Herb Perez, one of 22 executive committee members, believes equal opportunity is the foundation of the Olympic movement and that Ward's membership at Augusta sends the wrong message. "We are believers in Tide IX, in women in sport, in women in leadership," says Perez. "I like Lloyd, but he cannot change [ Augusta] from the inside. I don't think he would join the Klan and try to change it from the inside."
Says USOC president Marty Mankamyer, " Lloyd Ward's membership at Augusta is not a minor issue. I intend to have it on the [executive committee] agenda as soon as I can." The executive committee next meets on Nov. 1.

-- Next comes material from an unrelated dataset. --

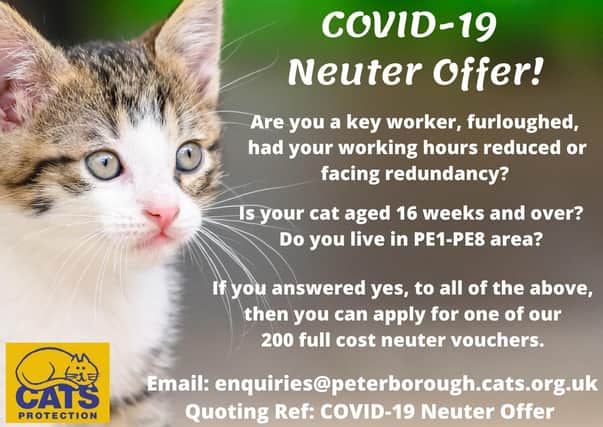 Cats Protection neutering offer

Ward, a Michigan State basketball player in the late 1960s and the CEO and chairman of Maytag Corp. in 1999 and 2000, is not alone in calling for Augusta to open its doors to women. Earlier this month two other Augusta National members, Sanford Weill of Citigroup and Kenneth Chenault of American Express, issued carefully crafted statements endorsing the idea of female members. But Ward remains the favorite inside agitator of Martha Burk, the head of the National Council of Women's Organizations who has been pressuring Augasta National to admit women. "If I were a USOC board member, I'd probably give Lloyd Ward three to six months to help initiate change at Augusta," she says. "Put some sort of time frame on it. Because at some point 'working from the inside' starts to sound like an excuse for staying at the club."